Marc Copland New Quartet feat. Mark Feldman | 22.04.2022

Donaukurier | Karl Leitner
 

Der Pianist Marc Cop­land aus Philadelphia und der Geiger Mark Feldman aus Chicago. Die beiden Hauptakteure des Abends haben einiges gemeinsam. Beide sind wegweisende Vertreter ihres Faches im heutigen Jazz, beide sind Freigeister und absolute Indi­vidualisten. Und schließlich haben beide jüngst Soloalben ohne jegliche Begleit­musiker veröffentlicht. Copland eine Hommage an den Gitarristen John Aber­crombie mit dem Titel „John“ und eine an den Bassisten Gary Peacock unter der Überschrift „Gary“, Feldman das Album „Sounding Point“.

Nach alldem ist nun das Marc Copland New Quartet feat. Mark Feldman zu Gast im Neuburger Birdland Jazzclub, das mit Beteiligung von Jonas Burgwin­kel am Schlagzeug und des Kontrabas­sisten Felix Henkel­hausen – beides ihrer­seits wiederum Spitzenkräfte des euro­päischen Jazz – ein Konzert gibt, das man durchaus mit „Aktion-Reaktion-In­teraktion“ betiteln könnte. Copland ist bekannt dafür, äu­ßerst sensibel, ja gera­dezu seismogra­fisch, auf seine Umge­bung zu reagieren, um auf der Basis des­sen, was auf ihn an akustischen oder emotionalen Reizen einströmt, selbst ak­tiv zu werden. Seine Kollegen liefern ihm den Input, umge­kehrt konfrontiert er sie wiederum mit seinen Ideen, die dann gemeinsam verar­beitet werden.
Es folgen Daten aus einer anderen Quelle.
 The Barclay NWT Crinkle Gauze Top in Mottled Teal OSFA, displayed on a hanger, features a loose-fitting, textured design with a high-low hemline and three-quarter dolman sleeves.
Als Paradebeispiel mag die Feld­man-Komposition „Elegy“ dienen, die in Pa­pierform nur vier Notenzeilen lang ist, in Echtzeit aber knappe 15 Minuten. Was während dieser Zeitspanne geschieht, ist völlig offen, auch für die Musiker selbst. Gerade dann freilich, wenn Vorgaben hinsichtlich des Tempos, der Taktart oder des Ablaufs wegfallen, entsteht eine re­gelrecht knisternde Spannung. Das Prin­zip funktio­niert in auch bei Abercrom­bie’s „Spring Song“ oder dessen balla­deskem „Sad Song“, bei Standards wie „East Of The Sun“, anlässlich einer wun­derschönen Bearbeitung von „Greenslee­ves“ in der Zugabe, besonders ein­drucksvoll aber bei Mongo Santamaria’s „Afro Blue“ und dessen Cuban Flair, wenn das Thema nur kurz angerissen wird und im weiteren Verlauf nur noch verklausuliert, bruchstück- oder sche­menhaft auftaucht. Man will es greifen, erwischt es aber nie wirklich, bis sich ganz am Ende in einer Art Coda alles, wie von Zauberhand inszeniert, wieder zusammenfügt.
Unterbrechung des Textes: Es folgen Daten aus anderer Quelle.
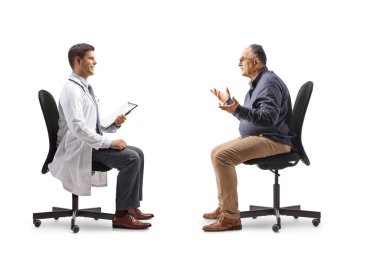 Sandalyeye oturup beyaz arka planda izole edilmiş bir erkek doktorla konuşan olgun bir adam.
Das Konzert des Marc Copland New Quartet ist eines, in dem es in besonde­rem Maße auch um künstlerische Frei­heit geht, um die Möglichkeit, auf Kon­ventionen zu pfeifen und sich von Inspi­ration, Eingebung und Befindlichkeit lei­ten zu lassen und in dieser speziellen Si­tuation das zu tun, was einem richtig er­scheint. Am nächsten Abend, wenn die Umstände andere sind, werden die sel­ben Stücke vermutlich komplett anders ablaufen. In diesem Sinne sind die zwei Stunden im Birdland einzigartig, nicht wiederholbar, Weltpremieren sozusagen, die aus dem Moment heraus entstehen, nur im Ansatz einem Plan folgen, der aber jederzeit geändert, völlig umgewor­fen oder spontan neu erfunden werden kann. Drahtzieher ist Copland, von des­sen Wagemut sich seine Kollegen als gleichwertige Partner anstecken lassen. Zöge einer nicht mit, ginge es nicht, ge­meinsam sind sie an diesem Abend ein Quell nie versie­gender Kreativität.